Re: [MarkLogic Dev General] Cts query for element attribute value matching another attribute value?

Geert Josten Mon, 13 Feb 2012 15:13:35 -0800

Danny, Mike,

Both thnx for your suggestions. Let me elaborate on my case a bit more.
Now the XMLPrague demojam is in the past, I can reveal more details.. ;)

I am processing tweets with links, plain links to internet. Most of them
are shortened. I put tags around the links, and put the shortened link in
an attribute. In my original code I directly continued to resolve the
shortened link to the full one, and put that in a second attribute. But
resolving links can be extremely slow. So I decided to postpone the
resolving, and do that in background processing. I must mention here that
I use a persisted lookup 'table' (a collection of simple key/value kind of
docs), which prevents the need to access internet to resolve the same url
twice. Links that were resolved before, don't need to be postponed. So,
some are resolved, others are not. Those not have a short and full
attribute (both range indexed for facets and such) that is equal. Both
attributes are currently always present. (Perhaps that should change, by
the way.)

Even though this was just something for the demojam, the case got me
intrigued. I initially wrote a bunch not so well thought-through code to
process incoming tweets, e.g. simply doing all in one request. But pushing
things to the background caused more trouble than I expected. Hence my
mail about the stack button etc. I guess the trouble is caused by the fact
that the urls, shortened ones just as well, can occur multiple times.
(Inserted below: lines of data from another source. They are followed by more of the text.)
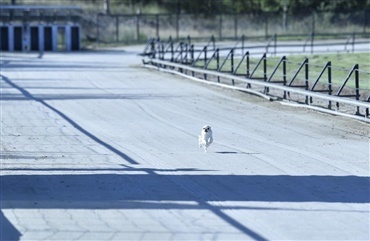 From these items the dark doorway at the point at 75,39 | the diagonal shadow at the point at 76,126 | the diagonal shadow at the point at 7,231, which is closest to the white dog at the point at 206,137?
the diagonal shadow at the point at 76,126

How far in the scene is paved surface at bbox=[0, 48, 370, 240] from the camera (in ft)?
34.7

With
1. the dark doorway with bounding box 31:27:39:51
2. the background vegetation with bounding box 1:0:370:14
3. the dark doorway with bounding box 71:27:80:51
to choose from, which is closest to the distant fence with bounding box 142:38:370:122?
the dark doorway with bounding box 71:27:80:51

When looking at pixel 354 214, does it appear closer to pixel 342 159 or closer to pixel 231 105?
pixel 342 159

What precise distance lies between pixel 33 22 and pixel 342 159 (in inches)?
2153

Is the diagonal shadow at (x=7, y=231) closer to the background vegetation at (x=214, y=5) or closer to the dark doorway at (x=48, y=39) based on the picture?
the dark doorway at (x=48, y=39)

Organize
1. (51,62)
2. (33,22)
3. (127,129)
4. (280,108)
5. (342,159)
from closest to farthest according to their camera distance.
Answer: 1. (342,159)
2. (127,129)
3. (280,108)
4. (51,62)
5. (33,22)

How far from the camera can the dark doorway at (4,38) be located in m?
65.2

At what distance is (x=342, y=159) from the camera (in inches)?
612

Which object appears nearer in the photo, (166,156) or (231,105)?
(166,156)

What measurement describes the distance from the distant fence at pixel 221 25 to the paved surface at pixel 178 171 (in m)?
47.3

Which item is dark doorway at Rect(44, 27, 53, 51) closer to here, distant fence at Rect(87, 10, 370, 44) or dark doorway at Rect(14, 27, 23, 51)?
dark doorway at Rect(14, 27, 23, 51)

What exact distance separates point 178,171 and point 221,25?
62058 mm

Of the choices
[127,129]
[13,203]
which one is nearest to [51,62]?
[127,129]

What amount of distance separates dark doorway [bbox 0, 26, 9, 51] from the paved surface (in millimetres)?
38758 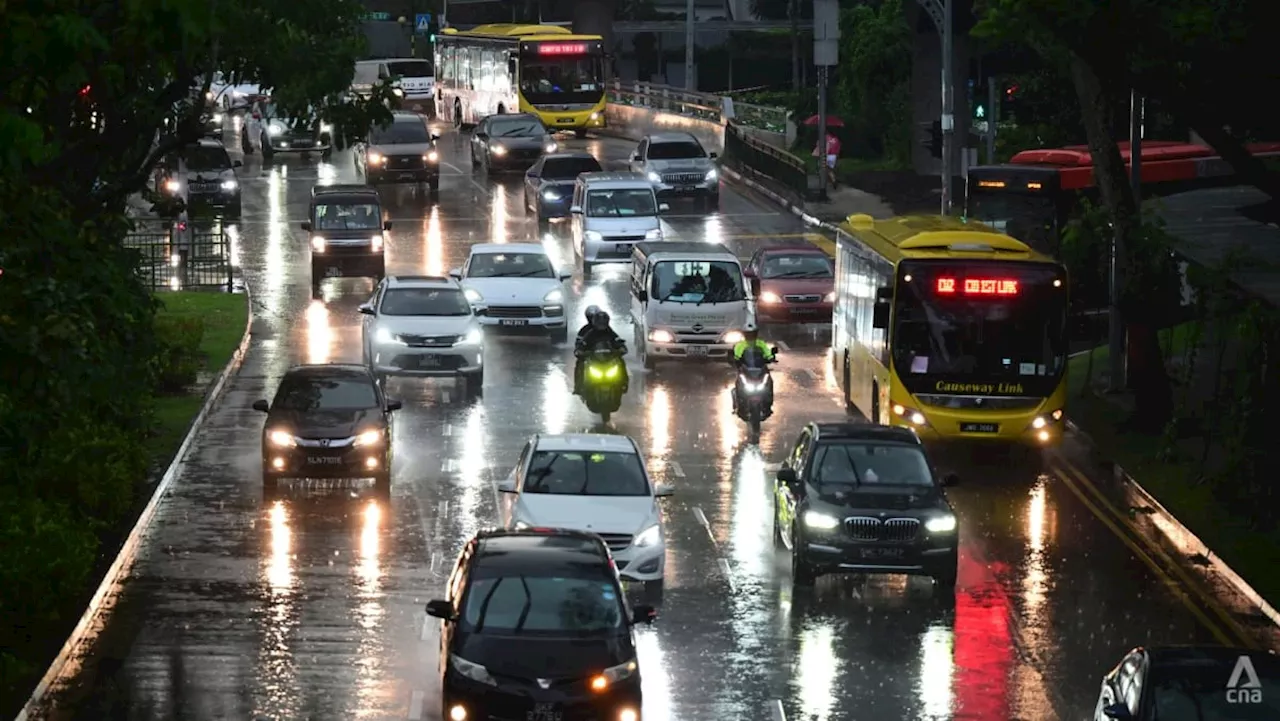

For
the sake of scalability and performance, I created batches with something
like 100 to 500 tweets for background processing, but guess that same
shortened links could have occurred in different batches, causing the
dead-lock I seemed to have faced. I should mention, that I use the
shortened url as uri for the lookup key/value doc.

Those non-finishing threads were difficult to debug. I had multiple
background processes running (some injecting and enriching tweets, others
resolving urls). Shutting injection down seemed to help, but not solve the
problem entirely. It would be interesting to reproduce the error again, in
an isolated test case, but that won't be easy to find and replicate.
Instead, I decided to push the resolving of urls in a fully separate
background process. Get all available unique values first, make batches of
those, resolve these urls batch-wise (in parallel without trouble), and
update the lookup table with each batch. Subsequent background processes
will pick up tweets with unresolved urls the same way, and insert resolve
urls out of the lookup. Note, urls that have been resolved before, are
looked up entirely through value lexicons..

I could also have spawned every individual lookup update. But that sounded
really inefficient, clogging the entire task serving. Might make sense
though. Only a relatively low percentage of all tweets that are ingested
contain links that are not yet in the lookup.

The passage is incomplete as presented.